> SOURCE DATA
____

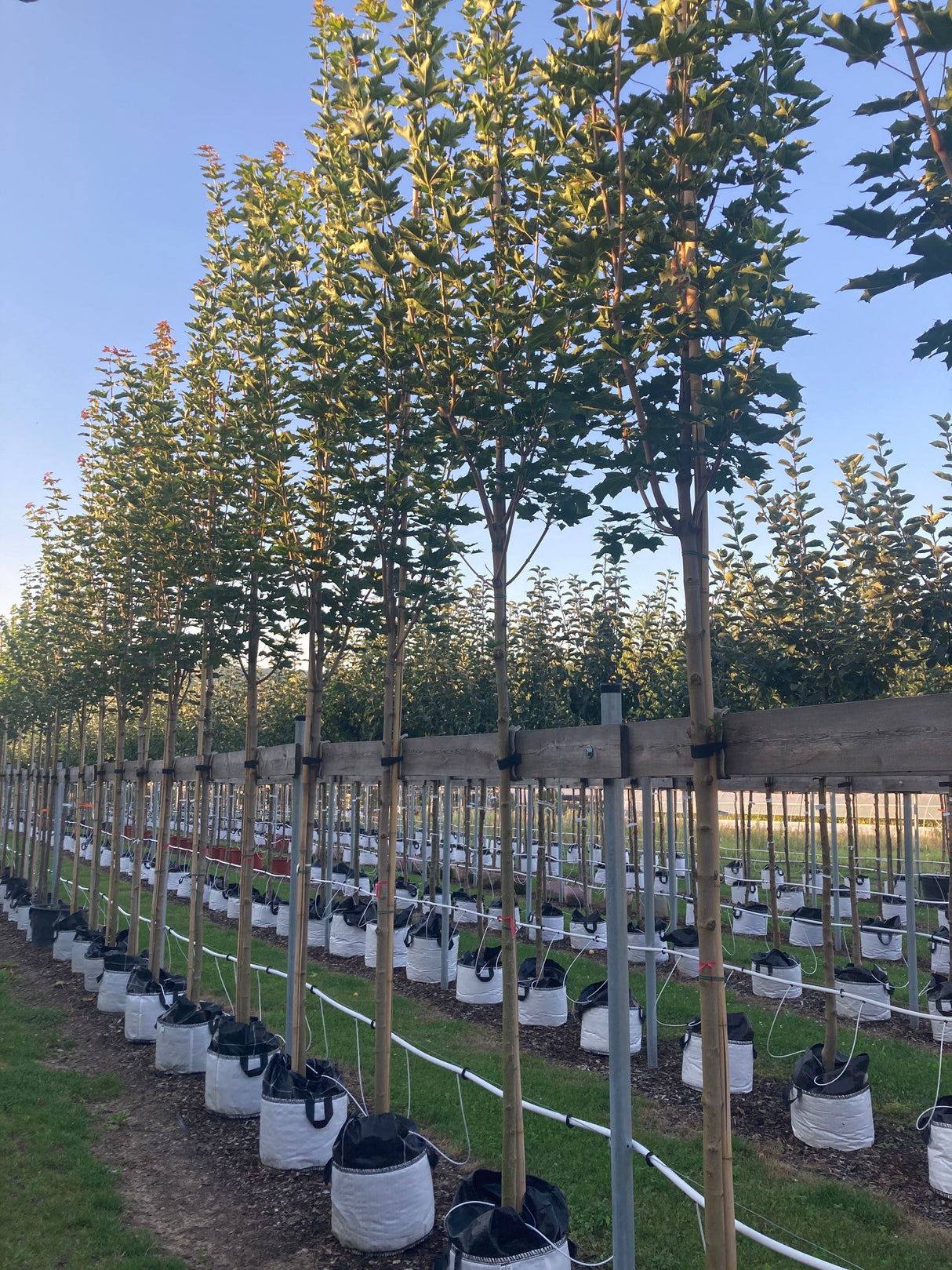 Acer platanoides 'Columnare' Säulenförmiger Spitzahorn 'Columnare'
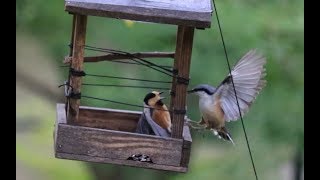 ヤマガラ vs. ゴジュウカラ【スローモーション】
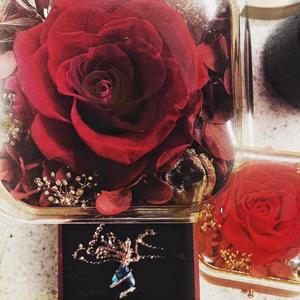 Now Playing In Theaters: Simply Gorgeous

____

> TASK
Write out the line that contains "ヤマガラ vs. ゴジュウカラ【スローモーション】" and every line after it to the end of the data, exactly as they stand. Omit the pictures.

> EXPECTED ANSWER
 ヤマガラ vs. ゴジュウカラ【スローモーション】
 Now Playing In Theaters: Simply Gorgeous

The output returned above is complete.